So they are doing business to business advertising on national television?
What a great idea


----------



## gillarosa (3 Oct 2008)

They spend, or have spent money creating and running those ad's to create their brand image which evidence would suggest has been very effective as I believe it was post no. 26 before a competitor's name was suggested. ESB would have been aware of the proposed deregulation of the market for decades.

I've never had problems with their Customer service tbh have have few problems with their service either, and while I'm not one of the lucky on the €80K average, wouldn't mind being one!!!


----------



## Purple (3 Oct 2008)

gillarosa said:


> while I'm not one of the lucky on the €80K average, wouldn't mind being one!!!
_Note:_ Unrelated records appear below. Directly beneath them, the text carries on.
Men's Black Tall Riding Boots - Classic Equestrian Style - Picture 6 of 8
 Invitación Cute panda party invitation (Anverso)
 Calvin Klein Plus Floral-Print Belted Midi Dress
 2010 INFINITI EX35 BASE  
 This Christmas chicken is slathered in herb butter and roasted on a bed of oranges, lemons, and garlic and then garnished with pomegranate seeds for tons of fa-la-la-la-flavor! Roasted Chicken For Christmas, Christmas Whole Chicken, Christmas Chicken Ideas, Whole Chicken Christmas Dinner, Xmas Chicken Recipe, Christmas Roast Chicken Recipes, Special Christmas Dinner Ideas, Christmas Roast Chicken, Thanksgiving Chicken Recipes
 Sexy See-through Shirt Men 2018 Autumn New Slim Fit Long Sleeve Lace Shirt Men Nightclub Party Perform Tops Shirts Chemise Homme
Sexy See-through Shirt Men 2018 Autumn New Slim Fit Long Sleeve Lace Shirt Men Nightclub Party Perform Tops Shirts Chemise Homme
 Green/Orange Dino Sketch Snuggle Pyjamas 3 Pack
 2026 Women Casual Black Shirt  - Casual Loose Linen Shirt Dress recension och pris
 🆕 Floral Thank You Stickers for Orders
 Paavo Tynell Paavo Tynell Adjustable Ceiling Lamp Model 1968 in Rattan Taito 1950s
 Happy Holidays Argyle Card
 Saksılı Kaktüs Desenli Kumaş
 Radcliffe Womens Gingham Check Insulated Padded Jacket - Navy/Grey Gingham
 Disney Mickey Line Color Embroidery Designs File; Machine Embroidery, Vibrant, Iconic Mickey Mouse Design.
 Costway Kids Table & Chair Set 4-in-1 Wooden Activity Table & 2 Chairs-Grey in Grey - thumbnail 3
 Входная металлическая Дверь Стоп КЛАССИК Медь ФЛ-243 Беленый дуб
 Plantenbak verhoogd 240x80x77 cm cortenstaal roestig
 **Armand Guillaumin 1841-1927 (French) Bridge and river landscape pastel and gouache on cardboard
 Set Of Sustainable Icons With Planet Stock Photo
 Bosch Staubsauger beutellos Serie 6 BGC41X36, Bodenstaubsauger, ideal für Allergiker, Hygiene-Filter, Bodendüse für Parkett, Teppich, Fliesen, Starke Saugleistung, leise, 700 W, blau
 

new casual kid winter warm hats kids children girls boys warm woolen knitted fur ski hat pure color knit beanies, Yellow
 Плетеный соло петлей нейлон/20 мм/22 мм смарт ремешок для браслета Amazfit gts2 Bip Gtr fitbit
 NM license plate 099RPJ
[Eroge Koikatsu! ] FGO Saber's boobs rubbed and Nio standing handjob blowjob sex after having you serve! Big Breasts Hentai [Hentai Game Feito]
Are you one of the unlucky who pay their wages (an ESB customer)?


----------



## csirl (3 Oct 2008)

> I've never had problems with their Customer service tbh have have few problems with their service either, and while I'm not one of the lucky on the €80K average, wouldn't mind being one!!!


 

Do you have any idea how long it takes to get a commercial building permanently hooked up to the ESB network, even those in urban areas adjacent to ESB cables?

We're talking years, not months. A lot of new buildings have to run on back-up generators for their first few months until the ESB bother to hook them up.


----------



## bond-007 (3 Oct 2008)

I can second that. It took over 6 months to get a service for an existing house relocated a whole 10 meters. It took a complaint to the regulator to get any action from ESB.


----------



## Complainer (3 Oct 2008)

Havealaugh said:


> No, feel free to do so and let us know how you get on.


I'm not sure why you'd expect me to solve your problem for you. But I guess your response gives a pretty clear indication how strongly you feel about the issue.



Purple said:


> What chance do you think there is of them taking the call?


Cold-calling any large organisation is difficult, and it might well be difficult to find the right person. But I'd bet a fiver that if you can navigate through a few layers to get to the right person, you could have a useful and enlightening discussion, if that's what the OP really wants of course.


----------



## rmelly (3 Oct 2008)

Is it ESB Customer Supply, or ESB Networks?


----------



## MandaC (4 Oct 2008)

ajapale said:


> Remember this from the 1980's?




I don't understand why ESB do advertise now that I am all grown up either.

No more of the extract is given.